*** Opening of AVAILABLE RECORDS ***

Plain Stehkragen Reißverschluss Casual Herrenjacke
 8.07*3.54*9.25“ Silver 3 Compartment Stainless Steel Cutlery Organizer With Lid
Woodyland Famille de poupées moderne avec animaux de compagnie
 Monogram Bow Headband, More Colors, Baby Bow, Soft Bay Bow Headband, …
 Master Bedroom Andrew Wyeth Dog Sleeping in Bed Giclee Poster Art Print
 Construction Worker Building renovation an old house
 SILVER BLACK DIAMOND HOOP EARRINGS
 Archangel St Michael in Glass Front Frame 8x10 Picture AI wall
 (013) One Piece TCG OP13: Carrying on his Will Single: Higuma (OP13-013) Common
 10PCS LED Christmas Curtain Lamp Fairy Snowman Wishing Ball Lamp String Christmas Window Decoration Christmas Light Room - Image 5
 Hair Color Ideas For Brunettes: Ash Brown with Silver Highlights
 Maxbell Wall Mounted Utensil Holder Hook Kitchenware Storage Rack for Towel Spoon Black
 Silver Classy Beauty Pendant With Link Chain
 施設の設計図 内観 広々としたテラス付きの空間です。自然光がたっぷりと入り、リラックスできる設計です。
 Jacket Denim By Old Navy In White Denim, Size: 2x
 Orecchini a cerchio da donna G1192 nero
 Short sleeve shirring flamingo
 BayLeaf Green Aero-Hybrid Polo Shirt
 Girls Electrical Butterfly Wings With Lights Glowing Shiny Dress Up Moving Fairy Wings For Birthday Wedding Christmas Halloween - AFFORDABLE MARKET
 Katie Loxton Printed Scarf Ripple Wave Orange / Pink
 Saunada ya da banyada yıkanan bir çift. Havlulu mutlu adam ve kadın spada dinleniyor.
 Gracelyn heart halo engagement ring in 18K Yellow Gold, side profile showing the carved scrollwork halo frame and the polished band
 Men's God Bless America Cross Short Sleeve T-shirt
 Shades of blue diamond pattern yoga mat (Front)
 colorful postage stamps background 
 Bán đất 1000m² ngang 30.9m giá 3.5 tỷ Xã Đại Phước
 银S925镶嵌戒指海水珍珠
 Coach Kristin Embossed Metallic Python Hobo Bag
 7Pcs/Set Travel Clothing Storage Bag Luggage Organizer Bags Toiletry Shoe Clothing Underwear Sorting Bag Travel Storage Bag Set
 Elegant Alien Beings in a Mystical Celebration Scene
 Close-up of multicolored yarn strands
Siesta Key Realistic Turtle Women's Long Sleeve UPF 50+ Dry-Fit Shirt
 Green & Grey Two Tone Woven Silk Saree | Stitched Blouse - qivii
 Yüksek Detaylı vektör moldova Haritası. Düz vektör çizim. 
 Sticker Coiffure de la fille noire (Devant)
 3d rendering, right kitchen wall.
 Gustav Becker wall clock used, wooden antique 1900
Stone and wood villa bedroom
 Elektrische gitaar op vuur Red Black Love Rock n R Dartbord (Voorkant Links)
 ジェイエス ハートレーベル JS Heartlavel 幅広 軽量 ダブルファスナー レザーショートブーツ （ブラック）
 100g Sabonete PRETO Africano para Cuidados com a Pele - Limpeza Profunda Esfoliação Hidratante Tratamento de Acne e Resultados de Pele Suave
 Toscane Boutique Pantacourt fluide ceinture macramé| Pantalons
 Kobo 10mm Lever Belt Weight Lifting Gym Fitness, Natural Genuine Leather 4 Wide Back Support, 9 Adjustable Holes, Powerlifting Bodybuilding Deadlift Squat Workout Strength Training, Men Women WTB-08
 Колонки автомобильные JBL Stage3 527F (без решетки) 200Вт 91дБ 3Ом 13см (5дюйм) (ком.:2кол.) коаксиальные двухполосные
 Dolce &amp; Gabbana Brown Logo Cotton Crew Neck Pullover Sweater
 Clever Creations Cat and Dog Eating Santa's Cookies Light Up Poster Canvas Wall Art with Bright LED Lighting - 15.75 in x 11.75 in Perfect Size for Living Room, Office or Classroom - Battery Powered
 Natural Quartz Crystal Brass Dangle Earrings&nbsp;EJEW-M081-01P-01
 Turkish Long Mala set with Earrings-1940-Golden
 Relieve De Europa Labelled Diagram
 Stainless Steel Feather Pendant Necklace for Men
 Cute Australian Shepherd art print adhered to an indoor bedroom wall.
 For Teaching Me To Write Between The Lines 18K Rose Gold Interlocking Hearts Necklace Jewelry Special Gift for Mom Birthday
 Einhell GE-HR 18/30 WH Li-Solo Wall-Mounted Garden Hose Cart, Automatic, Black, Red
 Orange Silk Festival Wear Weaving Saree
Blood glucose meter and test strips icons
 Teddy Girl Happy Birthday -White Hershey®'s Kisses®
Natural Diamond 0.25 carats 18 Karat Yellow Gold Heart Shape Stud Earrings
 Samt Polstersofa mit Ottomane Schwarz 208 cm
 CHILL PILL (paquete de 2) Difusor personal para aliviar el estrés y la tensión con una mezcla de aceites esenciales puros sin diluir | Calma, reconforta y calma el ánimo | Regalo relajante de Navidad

*** Close of AVAILABLE RECORDS ***

## WHAT THE TASK ASKS
Emit verbatim the lines running from the one with "Clever Creations Cat" through the last line of the data, both endpoints inclusive.

## EXERCISE SOLUTION
 Clever Creations Cat and Dog Eating Santa's Cookies Light Up Poster Canvas Wall Art with Bright LED Lighting - 15.75 in x 11.75 in Perfect Size for Living Room, Office or Classroom - Battery Powered
 Natural Quartz Crystal Brass Dangle Earrings&nbsp;EJEW-M081-01P-01
 Turkish Long Mala set with Earrings-1940-Golden
 Relieve De Europa Labelled Diagram
 Stainless Steel Feather Pendant Necklace for Men
 Cute Australian Shepherd art print adhered to an indoor bedroom wall.
 For Teaching Me To Write Between The Lines 18K Rose Gold Interlocking Hearts Necklace Jewelry Special Gift for Mom Birthday
 Einhell GE-HR 18/30 WH Li-Solo Wall-Mounted Garden Hose Cart, Automatic, Black, Red
 Orange Silk Festival Wear Weaving Saree
Blood glucose meter and test strips icons
 Teddy Girl Happy Birthday -White Hershey®'s Kisses®
Natural Diamond 0.25 carats 18 Karat Yellow Gold Heart Shape Stud Earrings
 Samt Polstersofa mit Ottomane Schwarz 208 cm
 CHILL PILL (paquete de 2) Difusor personal para aliviar el estrés y la tensión con una mezcla de aceites esenciales puros sin diluir | Calma, reconforta y calma el ánimo | Regalo relajante de Navidad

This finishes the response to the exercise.